The MSCI Emerging Markets Index retreated 1 percent to 940.70. The H-shares gauge of mainland companies trading in Hong Kong extended its plunge from a Dec. 2 high to 20 percent. The yuan sank to the lowest level in more than a year. The ruble slumped after Standard & Poor’s cut Russia’s credit rating outlook and the U.S. ordered financial sanctions on a wider swath of the nation’s officials. Brazil’s Ibovespa reversed losses as Petroleo Brasileiro SA surged 4.9 percent.
Equities fell after Goldman Sachs Group Inc. cut its forecast for China’s growth and solar-cell maker Baoding Tianwei Baobian Electric Co. said its bonds will be halted from trading tomorrow, fueling concern that bad debts will increase.

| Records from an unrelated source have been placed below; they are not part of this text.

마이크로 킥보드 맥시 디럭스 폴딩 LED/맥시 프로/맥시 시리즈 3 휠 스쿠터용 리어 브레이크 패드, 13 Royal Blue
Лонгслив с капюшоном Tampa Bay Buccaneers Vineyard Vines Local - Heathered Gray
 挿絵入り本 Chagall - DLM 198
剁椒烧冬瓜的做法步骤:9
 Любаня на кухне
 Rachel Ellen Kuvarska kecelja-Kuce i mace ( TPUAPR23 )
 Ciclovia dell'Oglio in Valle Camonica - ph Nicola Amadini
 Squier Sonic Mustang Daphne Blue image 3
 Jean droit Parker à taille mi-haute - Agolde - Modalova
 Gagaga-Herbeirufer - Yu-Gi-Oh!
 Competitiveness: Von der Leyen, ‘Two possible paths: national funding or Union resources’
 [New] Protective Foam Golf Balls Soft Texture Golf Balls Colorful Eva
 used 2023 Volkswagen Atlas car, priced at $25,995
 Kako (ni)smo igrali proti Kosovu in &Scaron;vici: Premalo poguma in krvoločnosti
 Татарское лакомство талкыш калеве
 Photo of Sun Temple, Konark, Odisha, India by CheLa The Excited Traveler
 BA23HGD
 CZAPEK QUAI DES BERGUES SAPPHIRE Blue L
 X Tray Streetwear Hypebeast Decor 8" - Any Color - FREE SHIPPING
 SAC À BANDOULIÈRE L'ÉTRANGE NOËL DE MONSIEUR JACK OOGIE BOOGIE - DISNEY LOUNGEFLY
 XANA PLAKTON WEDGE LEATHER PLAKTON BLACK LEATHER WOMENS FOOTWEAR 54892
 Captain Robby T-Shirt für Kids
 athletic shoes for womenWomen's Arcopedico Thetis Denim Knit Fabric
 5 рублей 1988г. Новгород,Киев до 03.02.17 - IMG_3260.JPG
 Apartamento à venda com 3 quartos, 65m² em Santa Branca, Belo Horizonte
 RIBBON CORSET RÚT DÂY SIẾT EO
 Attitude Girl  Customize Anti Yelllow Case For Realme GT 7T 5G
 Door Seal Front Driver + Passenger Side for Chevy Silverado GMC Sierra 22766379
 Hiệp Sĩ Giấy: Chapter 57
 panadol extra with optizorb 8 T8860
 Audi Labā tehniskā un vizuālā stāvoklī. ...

The H-shares joined stock gauges in Brazil and Russia, which entered bear markets last week, on concern the crisis in Ukraine would escalate while the Federal Reserve withdraws stimulus.
“China’s growth outlook is still uncertain,” Alan Gayle, who helps oversee about $50 billion in assets as a senior strategist at RidgeWorth Capital Management, said in a telephone interview from Atlanta. “There’s concern about defaults. As the Fed talks more about tightening in the future, that continues to put pressure on emerging markets.”
Federal Reserve Chair Janet Yellen said yesterday stimulus could end this fall and interest rates could rise six months later. U.S. central bank officials predicted their target interest rate will be 1 percent at the end of 2015 and 2.25 percent a year later, higher than previously forecast.
Brazil’s Ibovespa climbed to a three-week high as Petrobras led gains among state-controlled companies on speculation a poll will show diminished support for President Dilma Rousseff’s re-election. Power utility Centrais Eletricas Brasileiras SA, which is also run by the federal government, extended a three-day gain to 9.5 percent.
Russia’s ruble snapped a three-day gain versus the dollar, extending this year’s plunge to 9.1 percent, the most after the Argentine peso among 24 emerging-market currencies tracked by Bloomberg. S&P’s outlook cut came after U.S. President Barack Obama also authorized possible penalties directly targeting the economy.
The Hang Seng China Enterprises Index dropped 1.7 percent. BYD Co., the Warren Buffett-backed maker of electric cars, tumbled 14 percent today while the CSI 300 Index of mainland-listed shares sank 1.6 percent to a five-year low. The yuan weakened 0.5 percent to 6.2275 per dollar.
The iShares MSCI Emerging Markets Index exchange-traded fund advanced 0.4 percent to $38.74. The premium investors demand to own emerging-market debt over U.S. Treasuries added 0.02 percentage point to 312 basis points, according to JPMorgan Chase & Co.